With my nose to the grindstone and pure determination, I dealt with the changes in our Shadow family structure as each new girl came in. Our little team of people pitched in when they could. However, the question of my calling got louder as I pondered if I should stay or return to the States. I had to sort all of this out in my fatigued state of mind while life in the orphanage continued.

Josselin* and Lorena* suffered a major disagreement, with yelling and threats. They talked to the other girls, looking for supporters for their side. The division developed into a Hatfield-McCoy type of situation, and retaliation took place behind my back. I called a family meeting. With all of the girls present and wearing questioning looks, I drew a pretend line along the floor.
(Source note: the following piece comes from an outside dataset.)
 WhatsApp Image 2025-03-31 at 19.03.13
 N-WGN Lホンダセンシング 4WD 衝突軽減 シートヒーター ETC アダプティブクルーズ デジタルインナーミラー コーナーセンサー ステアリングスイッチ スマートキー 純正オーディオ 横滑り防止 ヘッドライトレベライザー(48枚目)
“Any of you who want to be part of this family and to serve in the love of the Lord, please come to my side. Those of you who don’t want to be part of this family, move to the other side.” I knew that they would come to my side of the line, but I also knew that they had to see this for themselves. It became a choice for them to make. The expected happened with lowered heads and tears. Suddenly, nobody could remember what caused the disagreement. Lorena looked at Josselin and gave a little grin. Others picked upon this action, and the girls broke out into giggles. We formed a circle, held hands, and prayed. The girls went to one another asking for forgiveness. It felt good to have unity again, even though it ended up being short-lived.

Two girls went into trances on a regular basis. It took a lot of talking and praying to get them to look me in the eye and for them to repeat the words, “I am a child of God.” Whatever had a hold on them broke when someone spoke these words aloud. These trances happened at school and at home, sometimes several times a week, requiring constant attention.

The difficulties in the Home took their toll upon me physically and mentally. One particular day, I stood on the second-floor landing, looking down into the living room at some of the girls playing. My body cried out for some sleep. Discouraged and exhausted, I wanted to curl up in a ball somewhere and block everything out. I felt like the love and counsel I poured out was rewarded with lies and complaints. I slipped into feeling sorry for myself. In the midst of my thoughts, I heard the Lord say, “Carroll, where would each one of these children be right now if they weren’t in this orphanage?” That got my attention. My eyes scanned over several of them, and the reality hit me like a sledgehammer. In my mind’s eye, I saw two in prostitution. Another being sexually abused by the mother’s boyfriend, and another passed around like a toy among the street-gang members. Tears came to my eyes. Lord, please forgive me for my selfish attitude. You said you would give me what I need, and I think I need a heavy dose of strength and energy now.

My attitude took a turn that day. When I felt like I had come to the end of my rope, I looked at the girls around me and pictured where they might be if they were not with us. I wanted to be here with them. I hadn’t made a mistake hearing the call from the Lord.

With a larger population of girls, came time to hire a married couple to share the responsibility of the children. I took eight of the older girls and moved to an apartment below the big house. The additional help allowed me to find valuable time for rest.

*Names have been changed.

1 thought on “Question Answered for God’s Calling

  1. Dannie

    Thank you for your transparency in sharing this post. So many fail to show their human side when proclaiming the miracles God works through the ministry. This post allows us to identify with you and your struggles, as well as have hope for our own work in God’s service.